Deutsche Gesellschaft für Phoniatrie und Pädaudiologie e. V.

Bern, 14.09. - 17.09.2017

10 Jahre qUNHS in Nordrhein – Sind die Qualitätskriterien des G-BA realistisch?

Vortrag

  • corresponding author presenting/speaker Silke Fabian - Hörscreeningzentrum Nordrhein, Klinik und Poliklinik für HNO-Heilkunde, Uniklinik Köln, Köln, Deutschland
  • Kruthika Thangavelu - HNO-Klinik, Universitätsklinikum Essen, Essen, Deutschland
  • Martin Walger - Cochlear-Implant-Zentrum Köln (CIK), Hörscreeningzentrum Nordrhein, Klinik und Poliklinik für HNO-Heilkunde, Uniklinik Köln, Köln, Deutschland
  • Ruth Lang-Roth - Cochlear-Implant-Zentrum Köln (CIK), Hörscreeningzentrum Nordrhein, Klinik und Poliklinik für HNO-Heilkunde, Uniklinik Köln, Köln, Deutschland

Deutsche Gesellschaft für Phoniatrie und Pädaudiologie. 34. Wissenschaftliche Jahrestagung der Deutschen Gesellschaft für Phoniatrie und Pädaudiologie (DGPP), Dreiländertagung D-A-CH. Bern, Schweiz, 14.-17.09.2017. Düsseldorf: German Medical Science GMS Publishing House; 2017. DocV16

doi: 10.3205/17dgpp30, urn:nbn:de:0183-17dgpp303

Published: August 30, 2017

© 2017 Fabian et al.
This is an Open Access article distributed under the terms of the Creative Commons Attribution 4.0 License. See license information at http://creativecommons.org/licenses/by/4.0/.


Zusammenfassung

Hintergrund: Bereits 2007 wurde die Hörscreeningzentrale Nordrhein und damit verbunden die Möglichkeit zum universellen, qualitätsgesicherten Neugeborenenhörscreening erfolgreich etabliert. Mit der Änderung der Kinderrichtlinie zum Neugeborenen-Hörscreening ab dem 01.01.2009 hat sich die Zahl der erfassten Kinder stetig erhöht und nach mittlerweile 10 Jahren erfasst das Hörscreeningzentrum Nordrhein in einem Zweistufen-Hörscreening ca. 60% der in der Region geborenen Kinder.

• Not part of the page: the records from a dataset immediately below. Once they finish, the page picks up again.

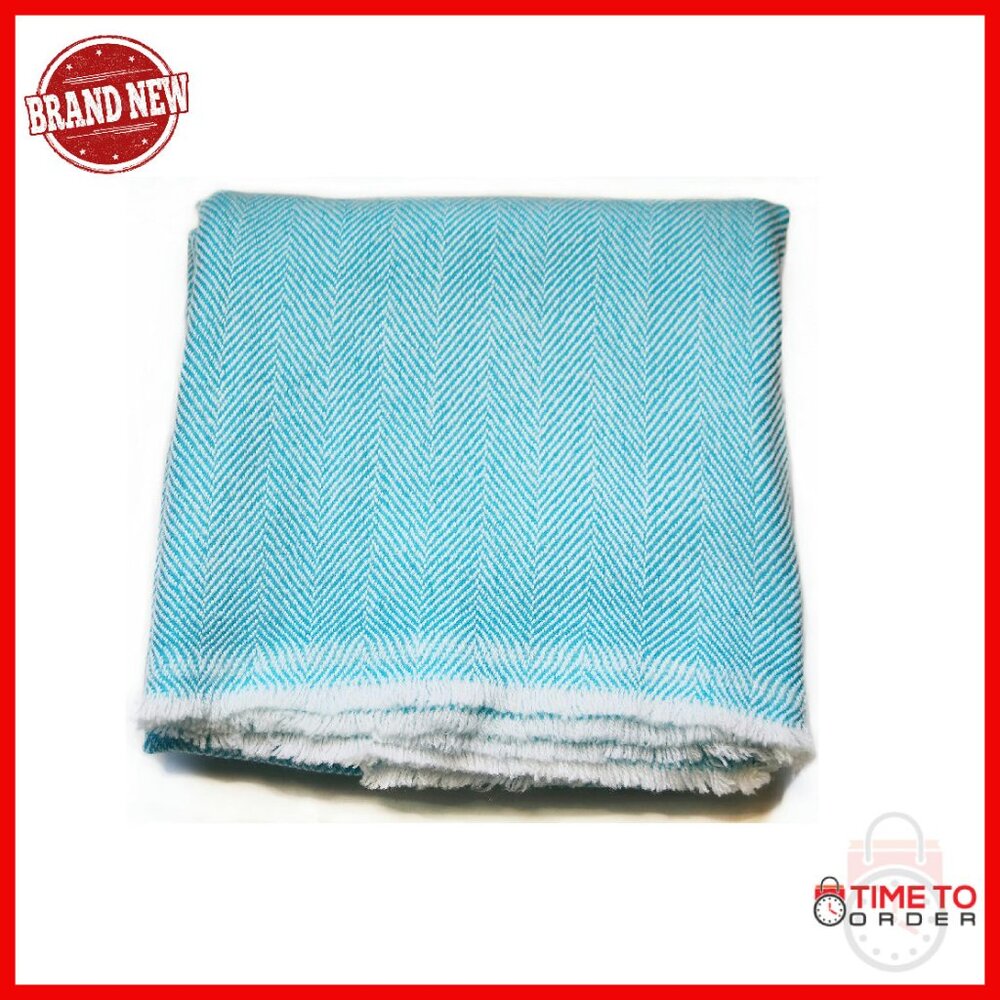 Large 8-Ply Wool Handwoven Shawl Stole 28x80 Inches Handmade Nepal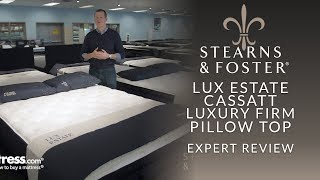 Stearns amp Foster Lux Estate Cassatt Luxury Firm Pillow Top Mattress Expert Review [upl. by Watanabe99]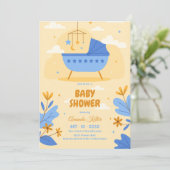 パステルベビーシャワー招待状 招待状 (スタンド正面)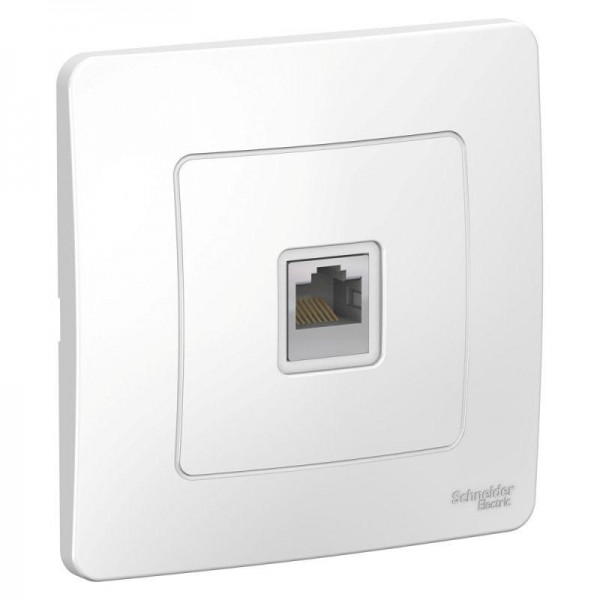  Розетка компьютерная 1-м СП BLANCA RJ45 кат.5e бел. SchE BLNIS045001 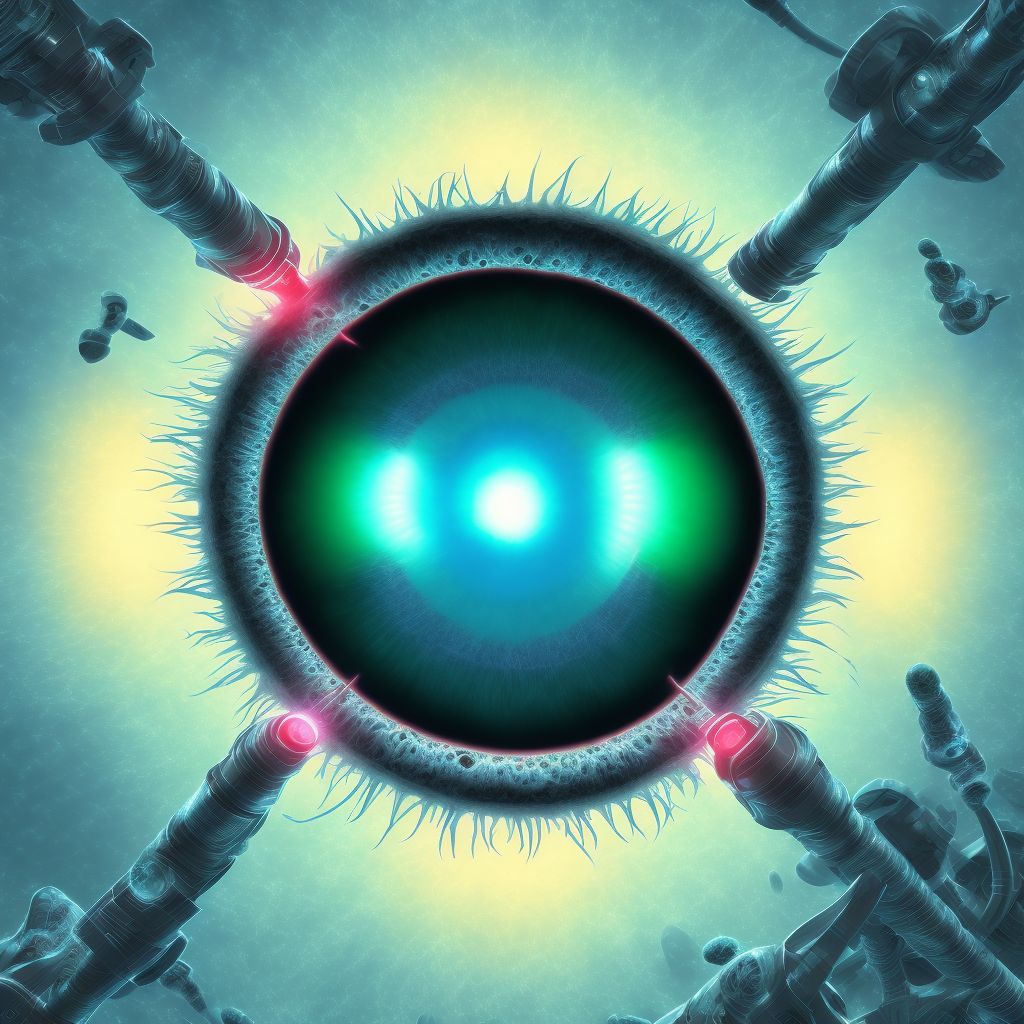 Residual stage of open-angle glaucoma, bilateral digital illustration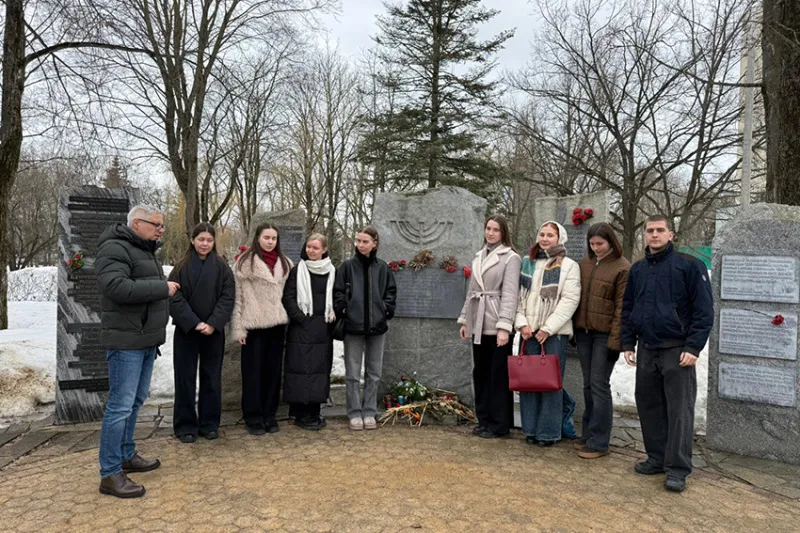 Почтение памяти погибших в Минском гетто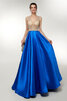 Robe de bal fermeutre eclair avec perle pétillant majestueux naturel - 1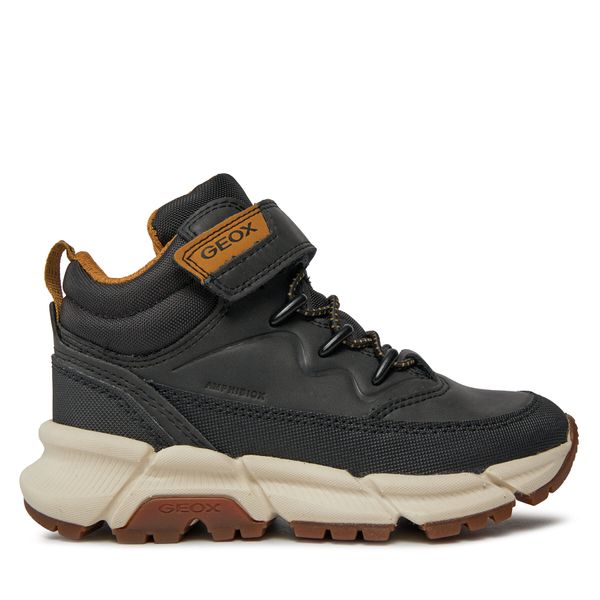 Geox Zimske čizme Geox J Flexyper Plus Boy J36LCG 0MEFU C9241 M Black/Dk Yellow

Ist mithilfe der Hörscreeningzentrale Nordrhein die Einhaltung der Qualitätsparameter und Zielkriterien der neuen Kinderrichtlinie möglich?

Material und Methoden: In insgesamt 69 Geburts- und Kinderkliniken sowie 39 Follow up-Einrichtungen in Nordrhein wurden vom 01.05.2007 bis 01.05.2017 die Daten von 374.206 Neugeborenen erhoben. Für die deskriptive, retrospektive Analyse wurden die Daten aus der Trackinsoftware Audio_SC der Firma path medical exportiert und analysiert.

Ergebnisse: Im Untersuchungszeitraum von 10 Jahren haben durchschnittlich 98,7% der Kinder in den jeweiligen Einrichtungen ein Hörscreening erhalten. 95,6% der untersuchten Kinder wiesen ein unauffälliges Hörscreening auf und bei durchschnittlich 3,4% der Kinder war das Ergebnis kontrollbedürftig, so dass eine Nachuntersuchung in einer Follow-up-Einrichtung notwendig wurde. Das Erstscreening erfolgte durchschnittlich am 4,8 Tag, wobei hier ebenfalls Kinderkliniken und Kinderintensivstationen mit einbezogen wurden. Das Erstdiagnosealter von hörgestörten Kindern lag durchschnittlich im 2,9 Lebensmonat. Die Lost to Follow up Rate lag bei 1%.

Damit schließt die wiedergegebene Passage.